◆ **Your assignment**
Each record that follows is to be duplicated exactly, though its pictures are not.

◆ **Source data**
++++++
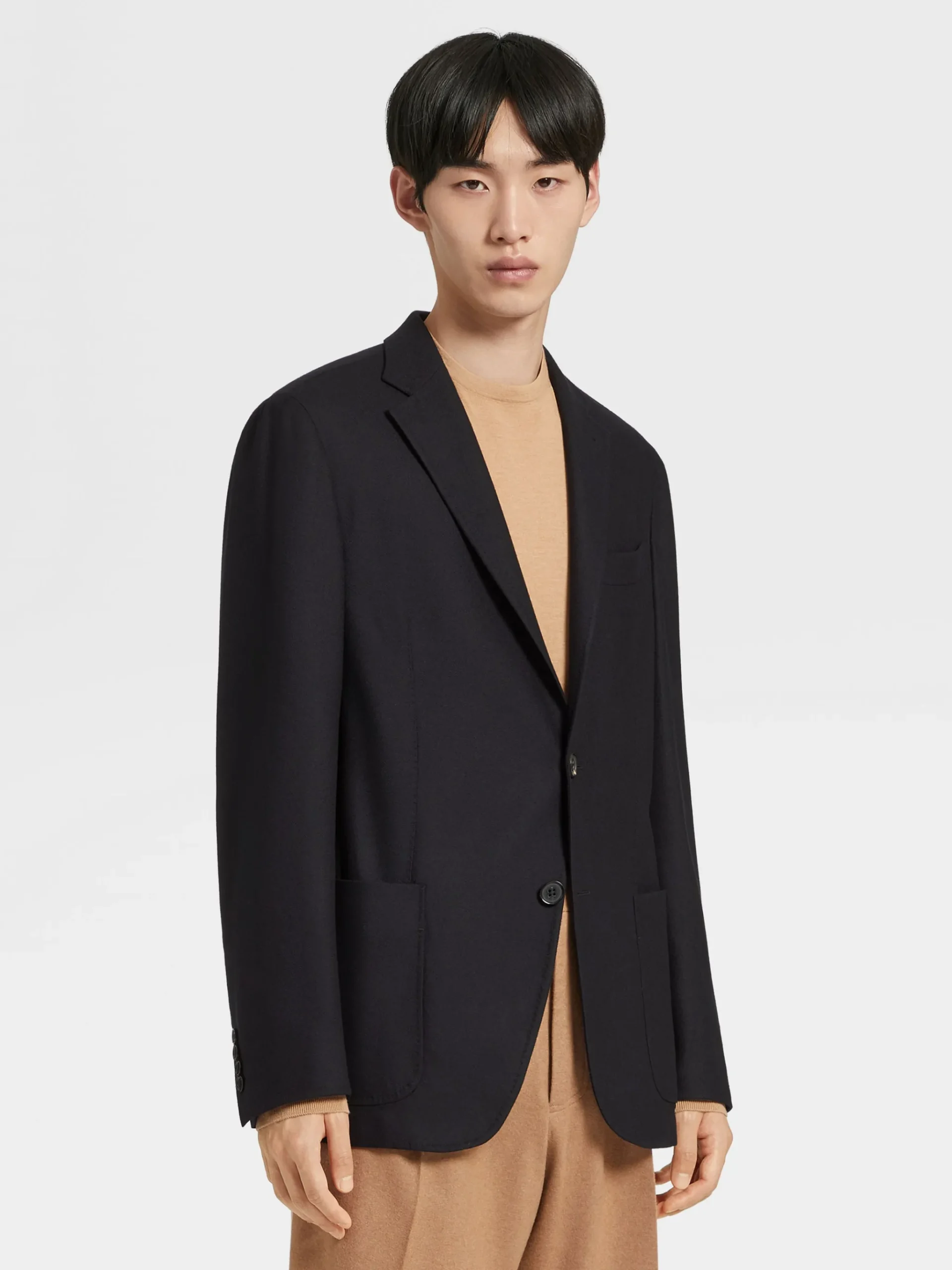 Black Trofeo™ Cashmere Shirt Jacket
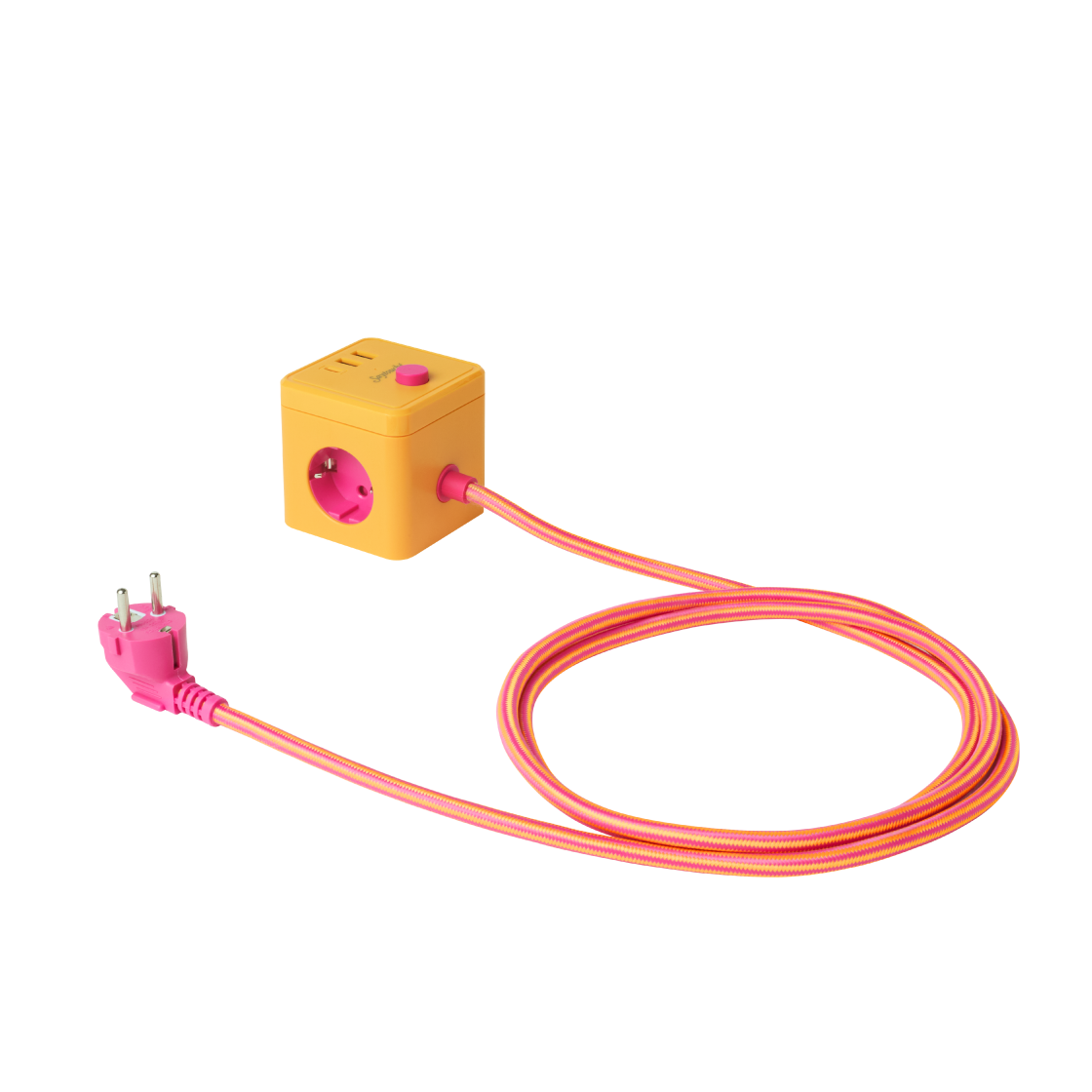 MTP001YLW Say Touche Cube Multi Plug 03 Yellow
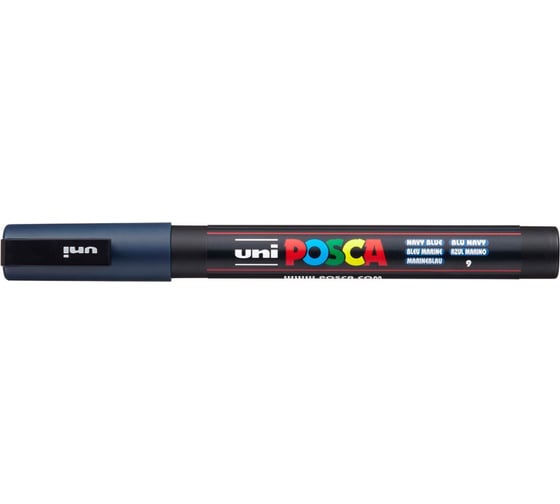 Художественный акриловый маркер UNI POSCA PC-3M, тёмно-синий, 0.9 - 1.3 мм 149569 1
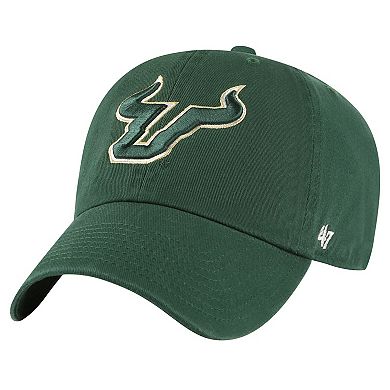 Men's '47 Green South Florida Bulls Vintage Clean Up Adjustable Hat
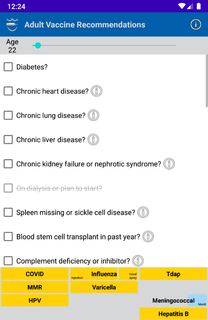 Adult Vaccine Recommendations PC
++++++
◆ **Your solution**
 Black Trofeo™ Cashmere Shirt Jacket
 MTP001YLW Say Touche Cube Multi Plug 03 Yellow
 Художественный акриловый маркер UNI POSCA PC-3M, тёмно-синий, 0.9 - 1.3 мм 149569 1
 Men's '47 Green South Florida Bulls Vintage Clean Up Adjustable Hat
 Adult Vaccine Recommendations PC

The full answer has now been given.